EL bloque CIVR-BQ-25, como los demás, llegó al astropuerto militar de Ródina y, tras pasar una inspección, fue sacado de su caja y conducido a un hangar destartalado y anodino, al menos por fuera. Su interior era, sin duda, la estructura mejor vigilada del planeta, y penetraba varios pisos en el subsuelo. El bloque, por supuesto, no se enteró de tanto trajín. Aislado de su entorno, cavilaba sin cesar sobre el sentido de la existencia, y había llegado a conclusiones ciertamente peculiares. Por desgracia para él, se perdió un espectáculo magnífico.
Un montacargas descendió cuatro plantas y lo dejó, junto a otros diecinueve, en un recinto iluminado rebosante de actividad.
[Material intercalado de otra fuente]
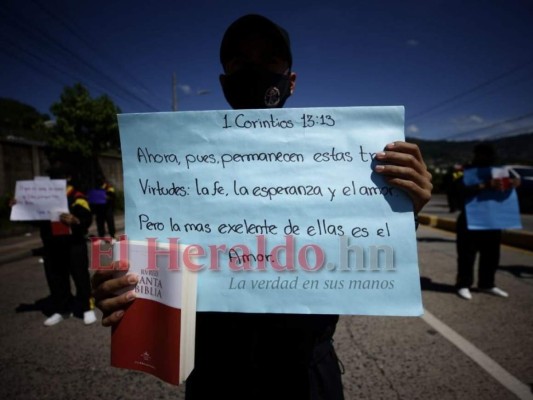 En Día de la Biblia: capitalinos manifiestan su fe ante adversidad por covid-19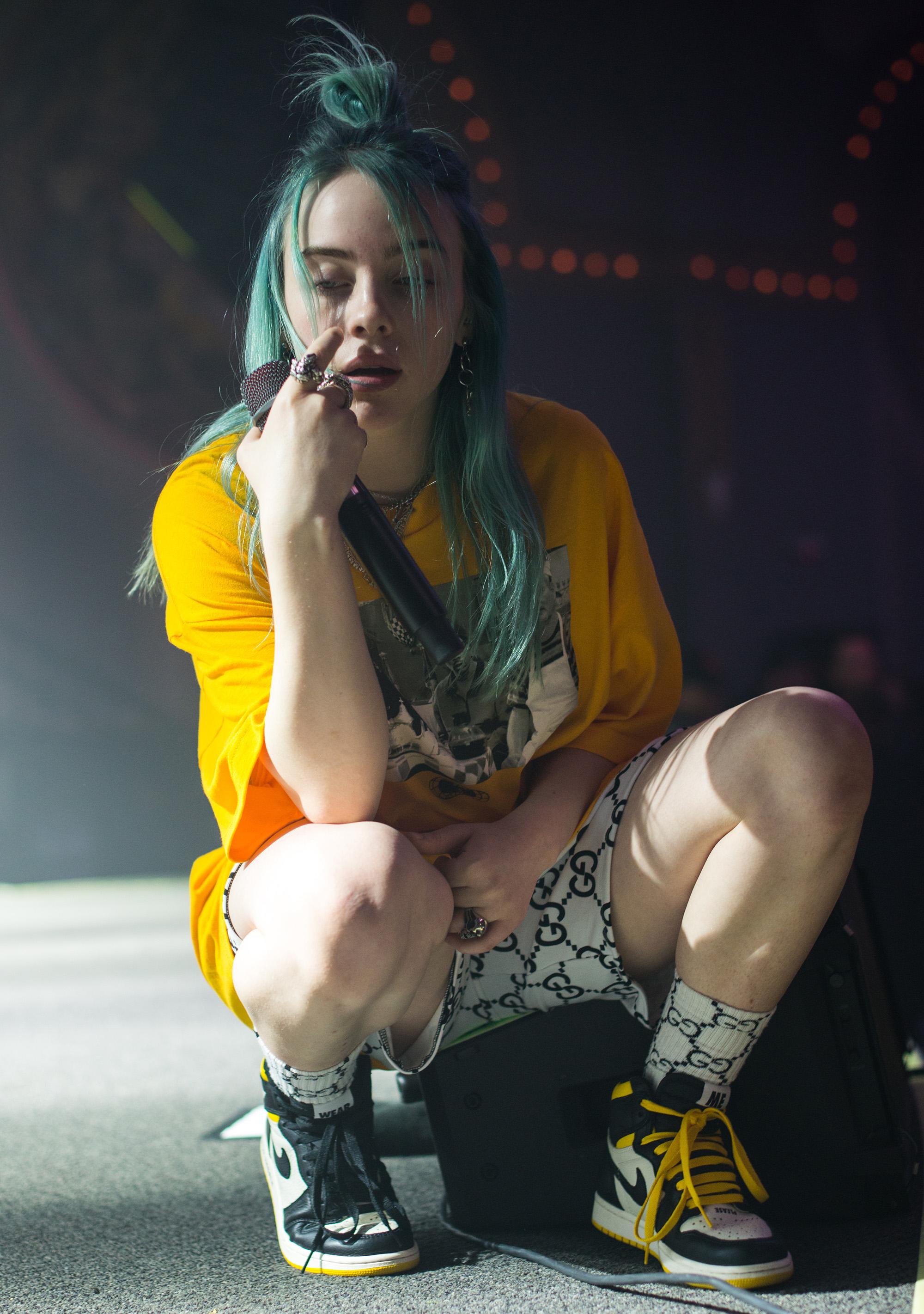 68c40a5a-d64d-460d-ae83-399a5ff5f865-BillieEilish09.jpg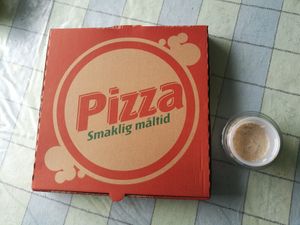 Box at Pizzakväll in Malmo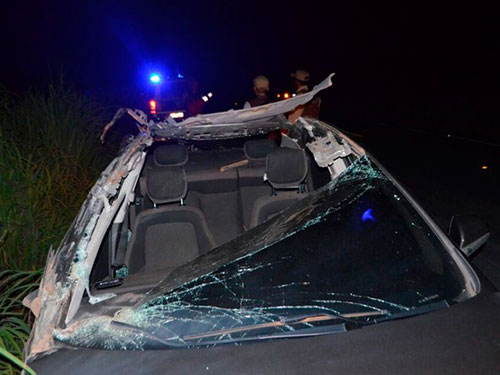Carro de passeio tem teto arrancado após batida contra caminhão em Barreiras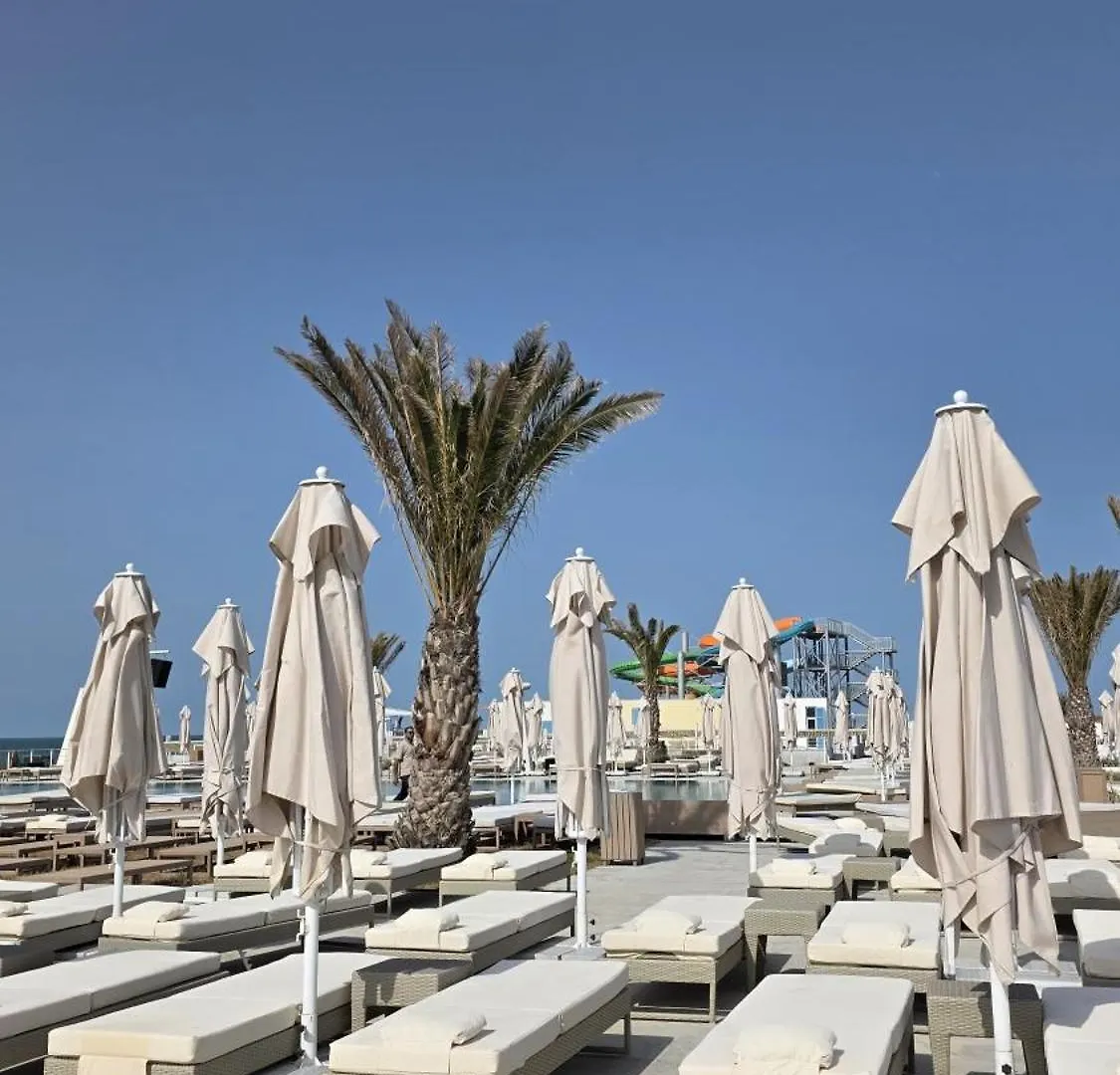 Sea Breeze Apartment Baku 0*,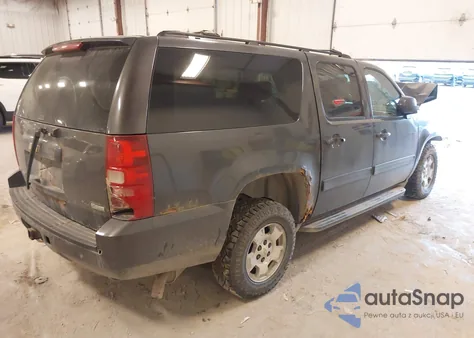 2010 Chevrolet Suburban 1500 Lt1 z USA, uszkodzony, nr VIN 1GNUKJE39AR258879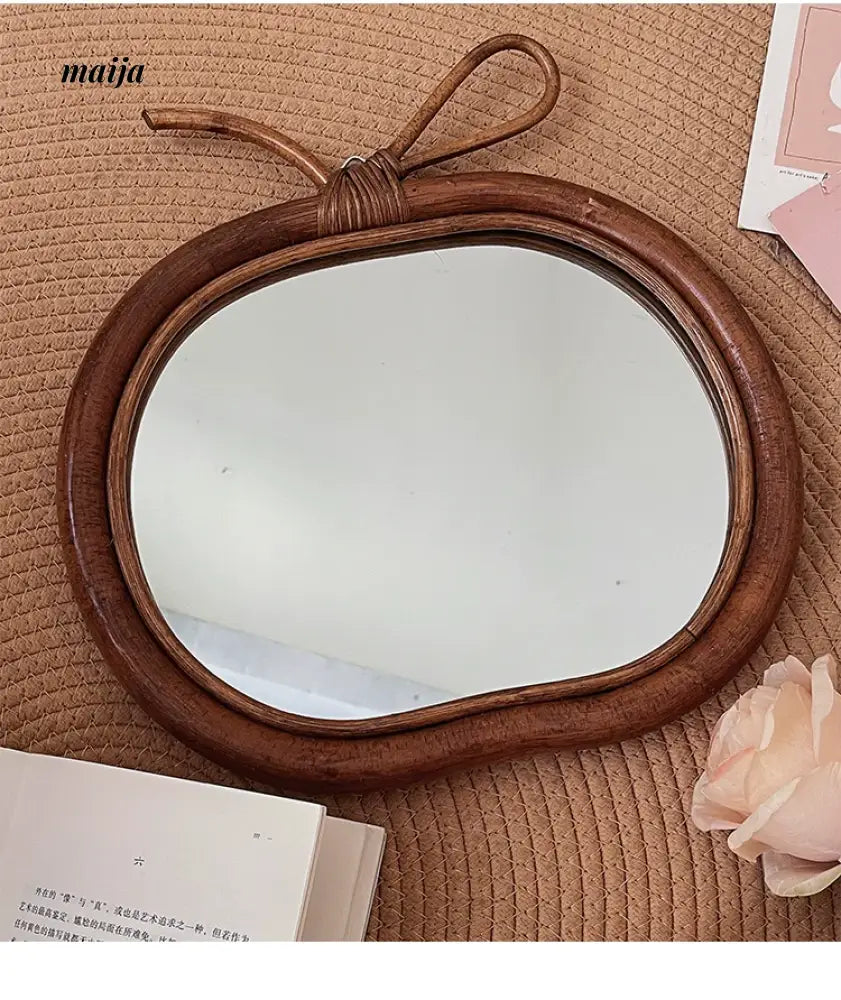 19 DREAM SPACE Retro Round Wall Mirror from 19 DREAM SPACE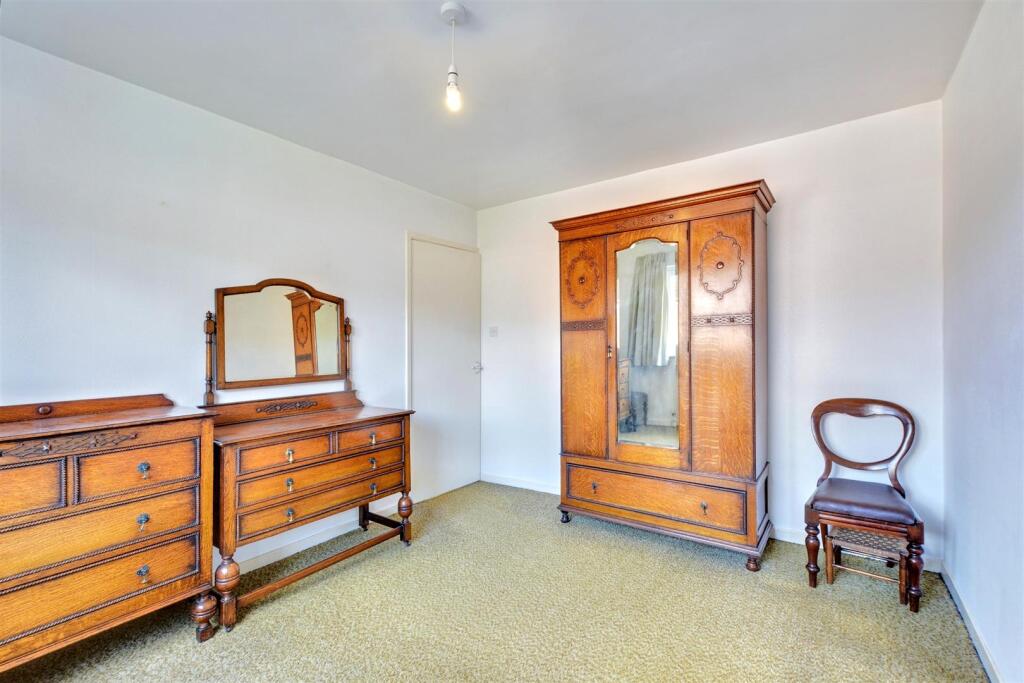 Bedroom One_2.jpeg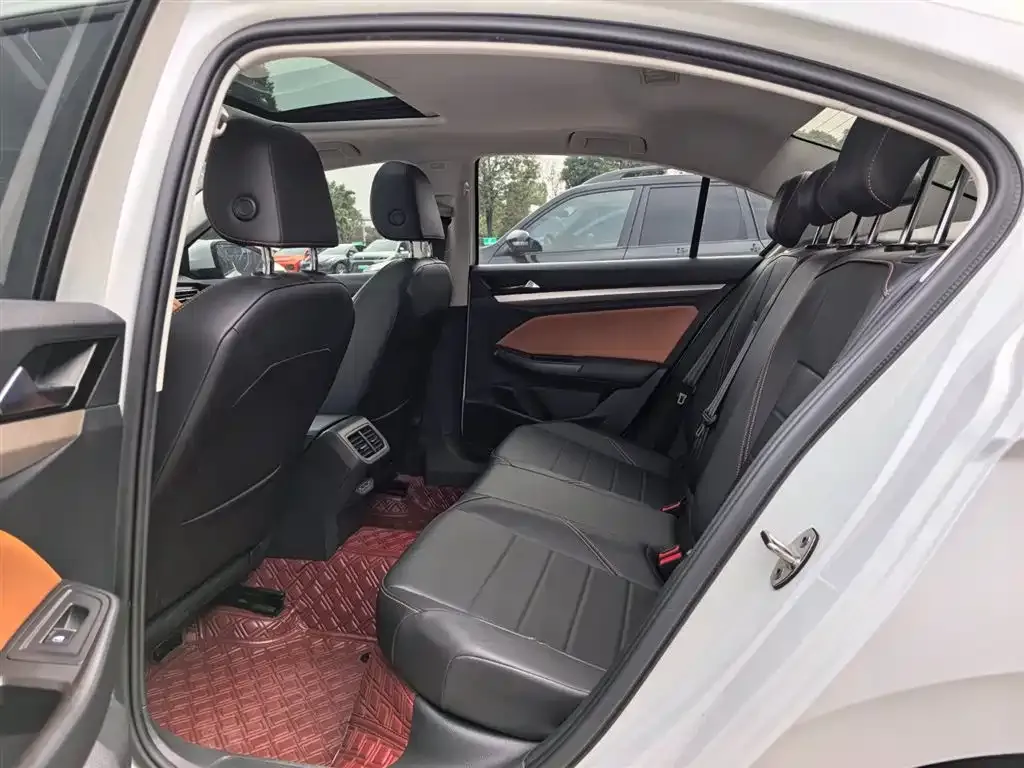 Volkswagen Bora 2024 из CN, фото 6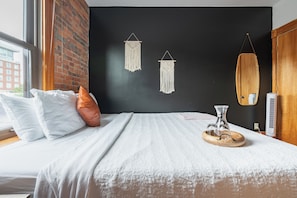 Exclusive Loft, Non Smoking | Egyptian cotton sheets, premium bedding, memory foam beds, free minibar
Al fondo, negros y brillantes como pájaros de obsidiana, veinte cazabombarderos aguardaban. Tenían las alas plegadas sobre el fuselaje y resultaba evidente que estaban incompletos, faltos de piezas vitales. Sin embargo, eran hermosos, con esa belleza que otorga la funcionalidad. Pero el público presente tenía otras cosas en qué pensar. Los militares vigilaban a los técnicos y operarios, y éstos pusieron manos a la obra.
Los bloques fueron insertados en su lugar, muy protegidos dentro de los aviones. Miles de diminutas sondas los acribillaron y conectaron con los sensores de los cazas. Dentro de poco, deberían ser capaces de procesar e interpretar billones de baudios, y reaccionar en un tiempo infinitesimal. Por si acaso, los conductos nerviosos motores serían conectados en una fase posterior. Se respiraba un aire de competencia y seguridad, ya que seguían escrupulosamente el plan previsto. Treinta horas más tarde, habían terminado. Veinte USC-1000 con sus correspondientes cerebros artificiales parecían aguardar, apuntando a los humanos con sus afilados morros.
Los expertos en ordenadores comprobaban rutinariamente los gráficos que resumían la actividad mental de los bloques. Por supuesto, todo iba como una seda, y así seguiría hasta el final. Teóricamente, estaba perfecto. Se impartió una orden, y los sensores de los cazas fueron activados.
Veinte mentes, cada una de las cuales creía ser el único habitante de un Universo ciego y silencioso, fueron golpeadas por una avalancha de datos procedentes de receptores ópticos, radares, detectores de masa y todas esas cosas que los aviones llevan para orientarse en un mundo hostil. Una voz, que repetía machaconamente sus números de serie, las instaba a efectuar un autochequeo y comunicar los resultados.
A partir de ahí, el magnífico proyecto USC-1000 comenzó a ir mal, muy mal.
Dos de los cerebros se volvieron locos y quedaron inservibles, literalmente quemados. Uno más cayó en una catatonia irreversible, y la mayoría hacía preguntas sin ton ni son.
En los días siguientes muchas personas cesaron en sus cargos, dimitieron o se suicidaron. Los bloques fueron analizados por los mejores ciberpsiquiatras de la Corporación, a quienes los avergonzados militares tuvieron que recurrir, muy a su pesar. Los científicos pusieron el grito en el cielo, acusando a los responsables del asunto USC-1000 de chapuceros e insensibles, como mínimo. El doctor Majewski, sin duda el número uno de su especialidad, sugirió que eliminaran a todos los cerebros, ya que el trauma recibido los había desequilibrado, y sus reacciones no se podían prever.
Pero el proyecto había costado demasiado dinero. Alguien decidió que se echara tierra al asunto (previo pago a los psiquiatras), y que la experiencia continuara con los bloques que demostraran su estabilidad mental. Entre ellos estaba CIVR-BQ-25. Era algo introvertido, pero parecía normal. Fue conectado a los centros motores de su avión, se le dio un largo número de matrícula y pasó a ser denominado Cobra-6. Ya estaba listo para comenzar su período de pruebas en Ródina.